The Paper Caper by Kate Carlisle (2022) is the sixteenth book in the Bibliophile mystery series. Joseph Cabot, owner of the Clarion paper has put together a look alike contest inspired by The Prince and the Pauper by Mark Twain (1881). To the winner he's offering $100K and that big purse has raised tensions around the city.

While Derek and his security team expect the threats to be against Joseph or his lookalike, it's the head butler who ends up dead, poisoned in a way inspired by the poisonous gold newspapers for Queen Victoria's coronation.

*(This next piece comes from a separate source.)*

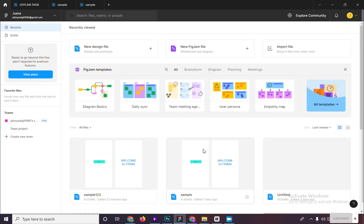As we can see here, we are here in the main dashboard of Figma. We'll try to delete a file and restore it.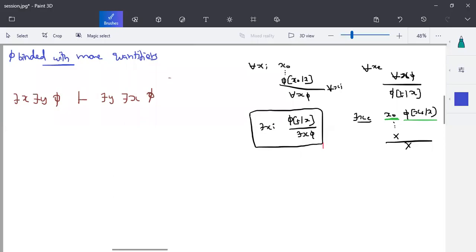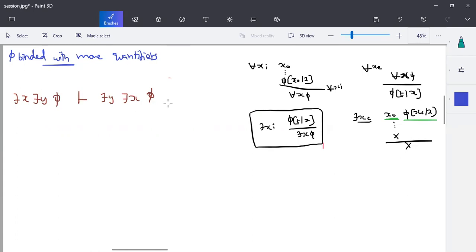Here is another example. Till now we have seen examples where you have one quantifier and that is a formula, and we have derived with all the natural deduction rules. Now there are some places where a formula will be bound with more than one quantifier. Take an example: there exists an x, there exists a y, and formula phi. We can try to rewrite that as there exists a y, there exists an x, or phi.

The further along this series gets the more removed the Bibliophile version of San Francisco gets from the city. Even in 2009 when the series started, the big newspaper days were over. The Examiner and the Chronicle had changed places for who had the largest audience.

Joseph Cabot as a benevolent billionaire philanthropist is also somewhere between an anachronism and a pipe dream. He's designed as a Charles Foster Kane character but with a heart of gold. He's also so naive, that I'm surprised he's managed to survive and keep his company.

The biggest problem, though, is how blatantly obvious the murderer is and how woefully ignorant, blind, confused, clueless Brooklyn and Derek are despite years of solving murders together. I swear the only managed to solve this one because the author reached her word or page count and had to wrap up the story.

The next book is The Twelve Books of Christmas (2023).